The Seahawks’ spin on Cover-3 is they play it with man principles on the perimeter, meaning they typically align their cornerbacks in press coverage.
The cornerbacks play with outside leverage and “pattern match” the No. 1 receivers, meaning they will match any vertical route. By playing with outside leverage, they can funnel the receivers back to where they have help, the deep safety patrolling the deep middle of the field. The free safety must get enough depth to stay on top of any vertical route and be able to quickly drive downhill on any inside-breaking routes.
Like any coverage, Cover-3 has its weaknesses. After reviewing the Seahawks’ 2013 game tape, of all their opponents, the Indianapolis Colts devised the smartest game plan. Some of the concepts and formations the Colts deployed coincide with elements from the Bears’ playbook, so let’s take a look at how Indianapolis had success against Seattle.
The Colts come out in 21 personnel in a 3-by-1 alignment and run a three-level stretch route, also known as a “flood” route. The Seahawks respond with regular personnel in a 4-3 over front.
Take notice of the reduced split (called “nasty”) from Colts wide receiver T.Y. Hilton.
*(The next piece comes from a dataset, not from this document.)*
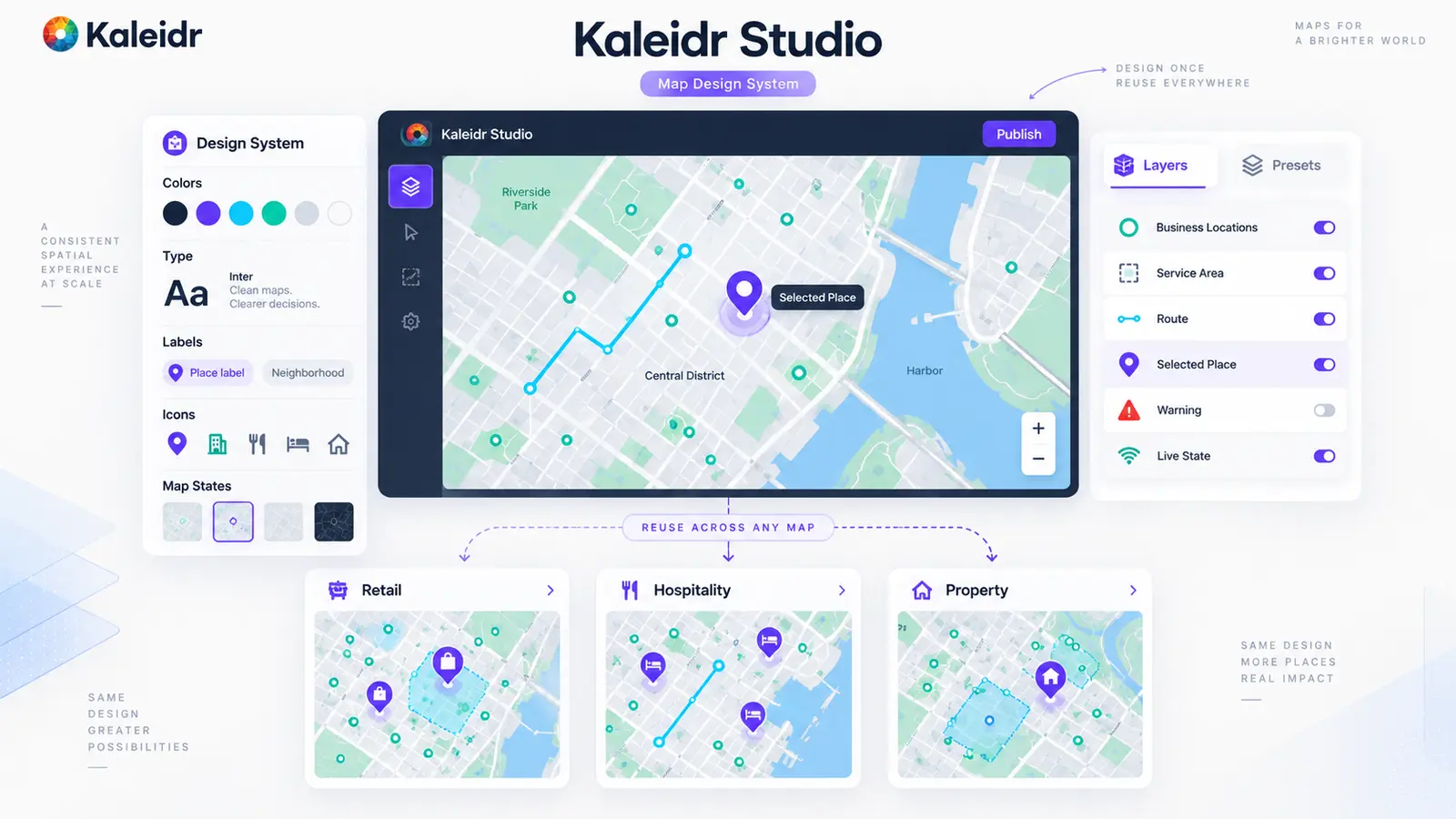 Kaleidr Studio turns reusable colors, typography, labels, icons, layers, and presets into a consistent branded map system used across retail, hospitality, and property experiences.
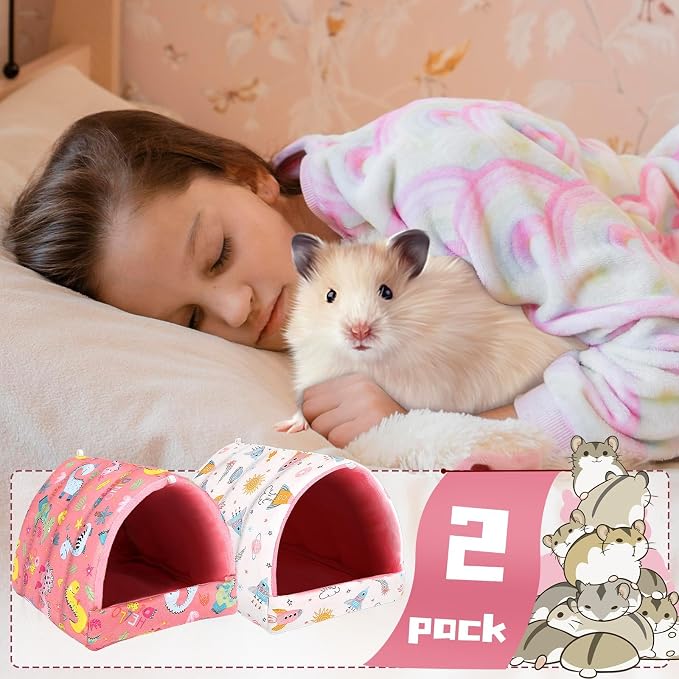 UPINS 2 Pack Guinea Pig Bed,Guinea Pig Hideout | Washable Small Animal House Cage Accessories,for Dwarf Rabbits Chinchillas Hamsters Hedgehogs Ferrets and Rats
With the reduced split, Hilton now has the ability to run any route in the route tree. As such, Sherman can’t jam him at the line. Instead, Sherman plays off coverage with outside leverage and reads the patterns of both Hilton and tight end Coby Fleener to determine which is a threat to his zone. In doing so, Hilton has a free release off the line.
The Seahawks send linebacker K.J. Wright (circled in green) on a delayed blitz, leaving the Seahawks in a three-deep, three-under zone.
Sherman – who can be seen signaling to Thomas – assumes Hilton will be going on a vertical route and will be picked up by Thomas over the top. Sherman doesn’t get enough depth on his drop and splits the difference between Hilton and Fleener.
Sherman’s eyes are focused on Fleener and Luck, and he loses Hilton in the process. With the middle of the field closed, Hilton stems his route to the corner and has a lot of room to work with.
Luck drops in a perfect pass, and it’s off to the races for a 73-yard touchdown.
The reduced splits got Hilton into his route unimpeded and by the time he made his break to the corner, he was at full speed and had an angle on Thomas. The Colts flooded the Cover-3 at three levels with outside breaking routes and were able to hit a big play over the top.
in the next example, the Colts come out in 11 personnel in a 3-by-1 alignment. The Seahawks respond with their nickel personnel in a 4-3 over front. The Colts run a “999” route, which is all verticals.
The depth and stem of Fleener’s route over the middle occupies Thomas. At the top of the formation, cornerback Brandon Browner is left to defend both Reggie Wayne and Hilton. Browner should play this route more to the outside receiver (Hilton), but he gets caught in the middle, allowing Hilton to get over the top.
Luck again threads a perfect pass for Hilton’s second touchdown of the game.
When teams like to play receivers physically at the line of scrimmage, an offense must be willing to challenge them deep. Every player has lapses in technique and alignment, so by putting the secondary in pre-snap conflict from a formation or an alignment, an opportunity for a big play exists.
Speed is the element that gives the Seahawks secondary the most trouble, but in Brandon Marshall and Alshon Jeffery, the Bears have receivers who can physically match up and win hand fights on their release to get over the top. Chicago coach Marc Trestman is adept at stretching a team horizontally while making vertical gashes.
Look for the Bears to run a lot of vertical routes out of bunched formations to test the Seahawks secondary on Friday night.